Confirm that you can run the starter code
You should start by confirming that you can run the starte code we provided for you in your repositories. It is called ‘cleanCSV.py’. When you run it, it should read the input csv file (‘input.csv’) and write an output csv file (‘output.csv’). The starter code should perform all the file reading and writing. When you first run it the output file will be the same as the input file.
Identify problems in the uncleaned csv file
You should identify the problem we have injected into the uncleaned csv file. We have added two examples of nine types of problems to the file (a total of 18 problems). You should identify them all. Since the file is large you will be most effective in finding the problems if you search for them programmatically. You might also want to write asserts to help identify problems. To assist you, we have provided a file, problems.md
, which gives a short description of each type of problem. Once you find the problems, you should write their line numbers under the appropriate category in problems.md.

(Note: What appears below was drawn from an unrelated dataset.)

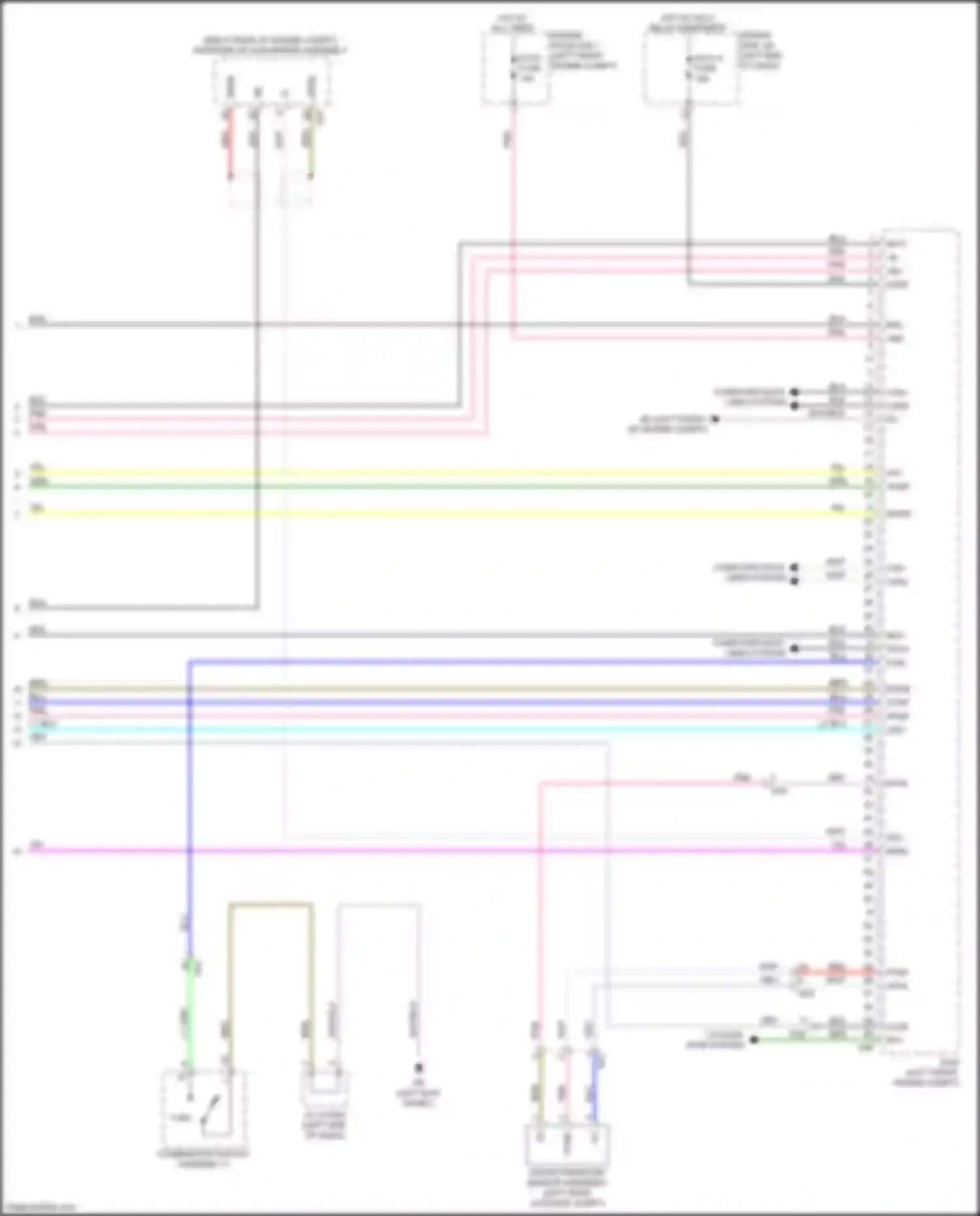 Wiring diagram engine room r/b 1 for Lexus LC I (2016-2024) (22 of 31)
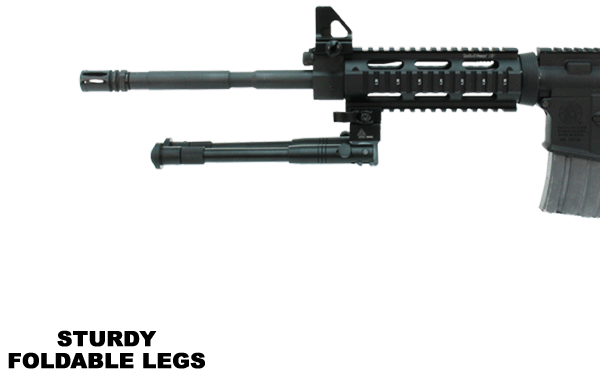 UTG® Shooter's Bipod, Quick Detach, 6.2"-6.7" Center Height - Eminent Paintball And Airsoft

mitigate issues computationally
Modify starter code file so it outputs a cleaned csv. You should not repair the mangled .csv by hand. Your program should output as much of the original data as possible, but repair the problems you identified in one of the ways we discussed in class: 1) replace garbled data with default values 2) use an average of other values in the column 3) remove extraneous content 4) adds missing content 5) perform a bespoke/one-off correction. If the input data is irredeemable it is also okay to remove the line.
For each of the problems you identified above, write a very short (e.g. one sentence) justification of the fix to your program. These justifications should explain why the fix you wrote was appropriate for the problem. Write these justifications immediately after each problem in problems.md.
Resources
https://www.w3schools.com/python/ref_keyword_assert.asp#:~:text=The%20assert%20keyword%20is%20used,False%2C%20check%20the%20example%20below. https://www.w3schools.com/python/ref_func_isinstance.asp https://www.askpython.com/python/examples/add-a-newline-character-in-python https://docs.python.org/3/library/datetime.html https://www.w3schools.com/python/python_casting.asp
Tips and Suggestions
You might want to combine automated analysis with manual inspection of the input file Add assert statements to check for correct types (ie what type should state be?) Use print statements The ‘len()’ function can check the length of a string (e.g. ‘len(“cat”) == 3’) The isinstance() function can check the type of an input (e.g. ‘assert isinstance(5, int)’) You can change the type of variables (e.g. int(“4”) become 4) As much as possible, try to avoid hard-code to catch errors. Your code should be able to catch the errors on other sets of data. For example, do not just say: if row # = 42, don’t include in new csv. We want you to use logic, so your code can be applied to any different csv files and catch the incorrect data.
Deadlines and Deliverables
All deliverables should be committed and pushed to the main branch of your repository on GitHub. Both are due Thursday, Feb 25th. The files that should be included in your repository (in the subdirectory hw3) should be: 1) problems.md 2) cleanCSV.py 3) input.csv 4) output.csv. Additional files are okay, but these are required.